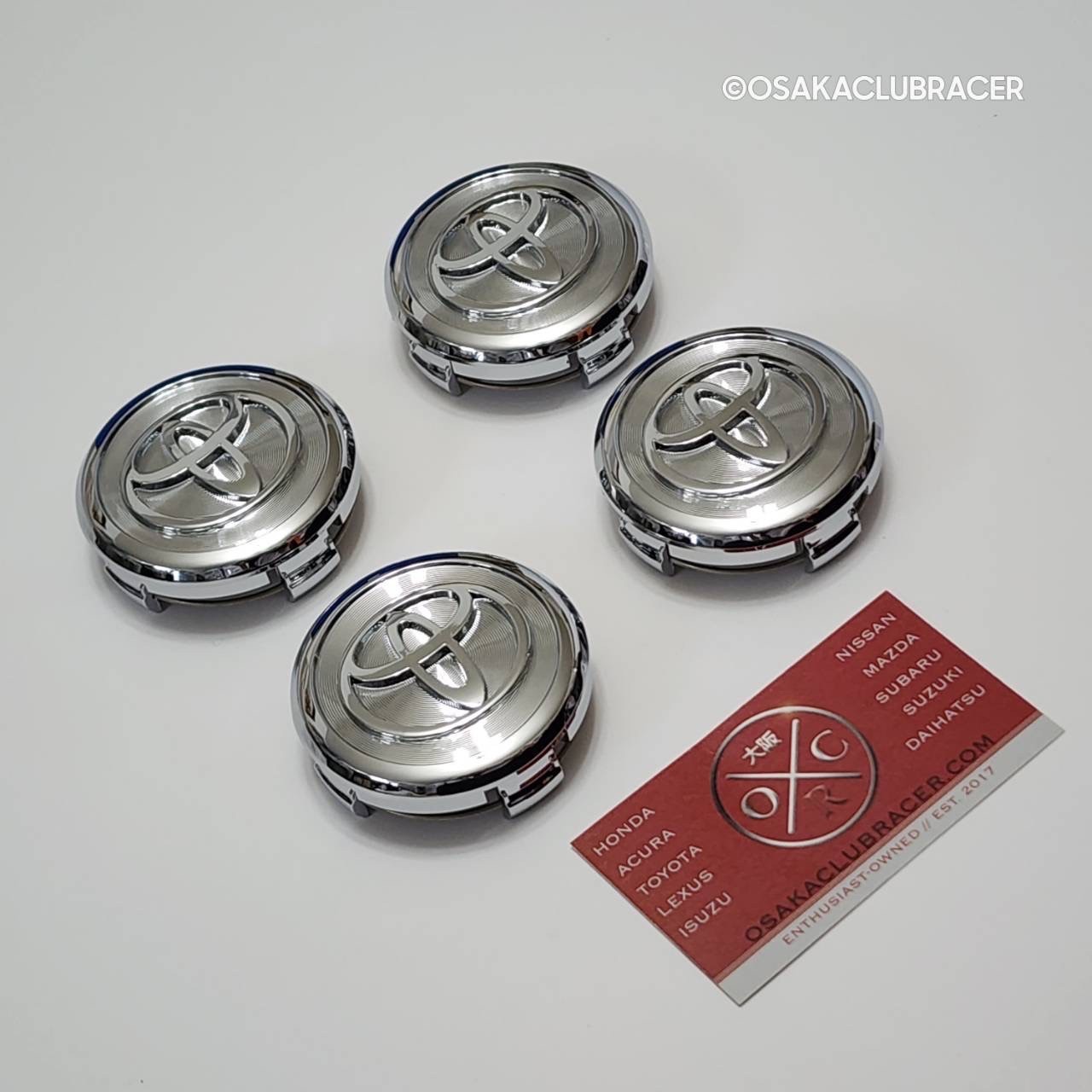 Genuine OEM Toyota Altezza Chrome Wheel Center Cap Set JDM 00-05 Lexus IS300 17”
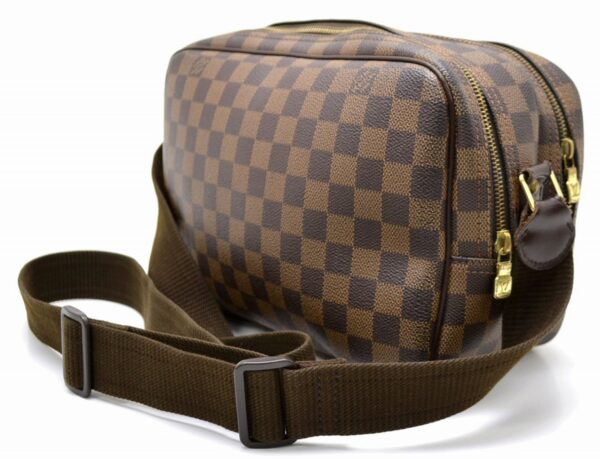 11510888 1 Louis Vuitton Reporter PM Shoulder Bag Damier Brown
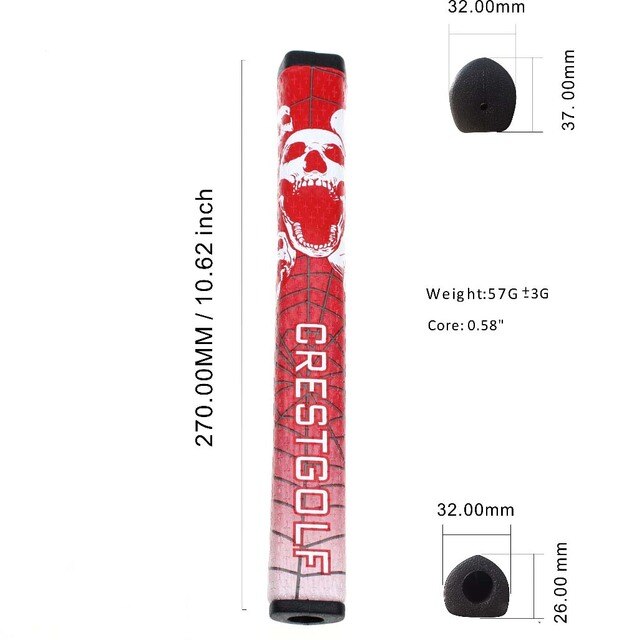 Uchwyty do kijów golfowych CRESTGOLF GTR 3.0 - ultralekkie, antypoślizgowe, wykonane z PU skóry - Wianko - 1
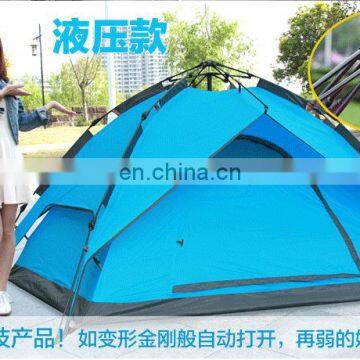 double layer camping tent for 3-4 person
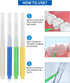 Interdental Brush, 80 Count, Braces Brush for Dental Hygiene, Flossing Tools in 4 Colors & Sizes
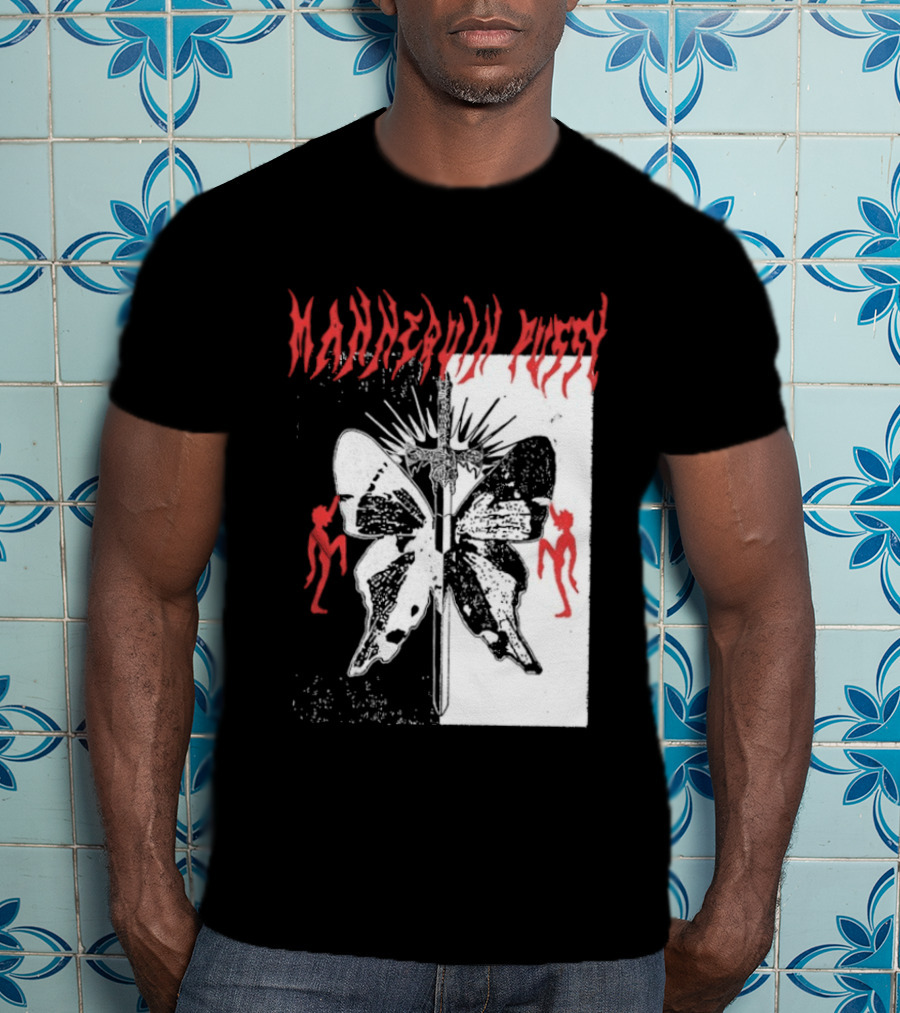 Mannequin Pussy Butterfly Gothic Aesthetic With Dancing Figures T-Shirt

[TRY IT]: Reproduce the whole listing above word for word, but not its pictures.

[RESPONSE AREA]:
 Genuine OEM Toyota Altezza Chrome Wheel Center Cap Set JDM 00-05 Lexus IS300 17”
 11510888 1 Louis Vuitton Reporter PM Shoulder Bag Damier Brown
 Uchwyty do kijów golfowych CRESTGOLF GTR 3.0 - ultralekkie, antypoślizgowe, wykonane z PU skóry - Wianko - 1
 double layer camping tent for 3-4 person
 Interdental Brush, 80 Count, Braces Brush for Dental Hygiene, Flossing Tools in 4 Colors & Sizes
 Mannequin Pussy Butterfly Gothic Aesthetic With Dancing Figures T-Shirt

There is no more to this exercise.